About

The symposium conveners are Dr Ian Lamond; Professor Karl Spracklen and Professor Kevin Hannam.

Dr Ian Lamond joined Leeds Metropolitan University in April 2012 having taught as an associate lecturer in cultural policy at Sheffield Hallam University for three years. He has presented work at conferences on political communication, cultural policy and discourse analysis. Ian’s research background is in philosophy, dance communications theory and the analysis of political discourse. He has published in all three areas academically and written extensively for British arts professional publications for arts practitioners. As well as his academic work Ian still maintains a high profile in community arts. His recent work has included performance and new writing projects for Blackpool library service and Blackpool arts service. His PhD is in the history of British cultural policy (1945 to 2010) was awarded by Sheffield Hallam University.

Professor Kevin Hannam recently joined the Carnegie Faculty at Leeds Metropolitan University as Professor of Tourism Mobilities from the University of Sunderland where he was Associate Dean (Research) and Head of the Department of Tourism, Hospitality & Events. Kevin is founding co-editor of the Routledge journal Mobilities (with John Urry and Mimi Sheller) and on the editorial board of the Journal of Heritage Tourism, Tourist Studies and Annals of Tourism Research. He started out as a political geographer but has since published books on tourism, in particular, the research monograph Tourism and India (Routledge) and the text Understanding Tourism (Sage). He is chair of the World Leisure Organisation’s Commission on Tourism and the Environment and a Fellow of the Royal Geographical Society (FRGS).
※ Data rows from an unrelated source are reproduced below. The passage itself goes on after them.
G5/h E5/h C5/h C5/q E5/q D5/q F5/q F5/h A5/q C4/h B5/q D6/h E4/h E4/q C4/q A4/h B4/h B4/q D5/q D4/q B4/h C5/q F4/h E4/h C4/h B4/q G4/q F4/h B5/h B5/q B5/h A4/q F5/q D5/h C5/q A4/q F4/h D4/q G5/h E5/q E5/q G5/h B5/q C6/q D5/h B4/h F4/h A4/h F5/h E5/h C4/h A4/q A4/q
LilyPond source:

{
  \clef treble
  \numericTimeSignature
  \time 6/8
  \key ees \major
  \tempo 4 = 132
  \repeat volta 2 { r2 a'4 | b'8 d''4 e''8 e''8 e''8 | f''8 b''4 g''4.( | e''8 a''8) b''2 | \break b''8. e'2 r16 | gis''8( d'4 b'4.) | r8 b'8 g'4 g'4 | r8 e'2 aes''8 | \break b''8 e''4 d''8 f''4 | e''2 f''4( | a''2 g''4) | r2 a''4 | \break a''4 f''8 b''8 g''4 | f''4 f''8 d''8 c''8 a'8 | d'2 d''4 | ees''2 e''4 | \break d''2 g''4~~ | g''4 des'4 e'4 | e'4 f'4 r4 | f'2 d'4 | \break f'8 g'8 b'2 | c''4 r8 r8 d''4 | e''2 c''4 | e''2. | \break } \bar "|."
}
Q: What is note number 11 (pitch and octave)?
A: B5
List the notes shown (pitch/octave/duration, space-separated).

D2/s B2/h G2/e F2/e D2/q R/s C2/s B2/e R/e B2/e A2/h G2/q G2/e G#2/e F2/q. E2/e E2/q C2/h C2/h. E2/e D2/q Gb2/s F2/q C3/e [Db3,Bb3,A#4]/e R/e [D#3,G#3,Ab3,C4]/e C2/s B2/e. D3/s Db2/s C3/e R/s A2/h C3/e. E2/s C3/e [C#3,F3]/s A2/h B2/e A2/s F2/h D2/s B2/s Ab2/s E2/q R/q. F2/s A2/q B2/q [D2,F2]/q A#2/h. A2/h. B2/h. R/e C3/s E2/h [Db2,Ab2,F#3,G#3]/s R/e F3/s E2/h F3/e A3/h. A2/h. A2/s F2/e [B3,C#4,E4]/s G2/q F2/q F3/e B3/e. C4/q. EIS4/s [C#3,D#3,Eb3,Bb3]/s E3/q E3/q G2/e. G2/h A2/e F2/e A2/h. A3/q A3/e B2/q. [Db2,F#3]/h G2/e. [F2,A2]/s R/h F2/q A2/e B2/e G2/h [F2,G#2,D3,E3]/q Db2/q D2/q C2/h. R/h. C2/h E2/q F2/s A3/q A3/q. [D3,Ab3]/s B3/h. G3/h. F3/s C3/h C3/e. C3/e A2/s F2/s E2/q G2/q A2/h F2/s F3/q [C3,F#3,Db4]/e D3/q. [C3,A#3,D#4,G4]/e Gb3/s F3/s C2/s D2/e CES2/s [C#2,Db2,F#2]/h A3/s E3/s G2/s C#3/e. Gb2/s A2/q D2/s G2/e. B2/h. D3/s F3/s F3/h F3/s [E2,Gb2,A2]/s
He holds a PhD in geography from the University of Portsmouth, UK and is a Visiting Fellow at the University of Johannesburg, South Africa.

Professor Karl Spracklen is Professor of Leisure Studies at Leeds Metropolitan University. He is currently the Chair of the Leisure Studies Association and the Secretary of the International Society for Metal Music Studies. He is interested in the meaning and purpose of leisure and the construction of social identity in leisure, sport, tourism and culture. He has published widely on the black metal music scene, as well as whiteness and blackness in sport, rugby league and northernness, and authenticity and whisky tourism. His latest book, Constructing Leisure, a history and philosophy of leisure, was published in 2011 by Palgrave Macmillan.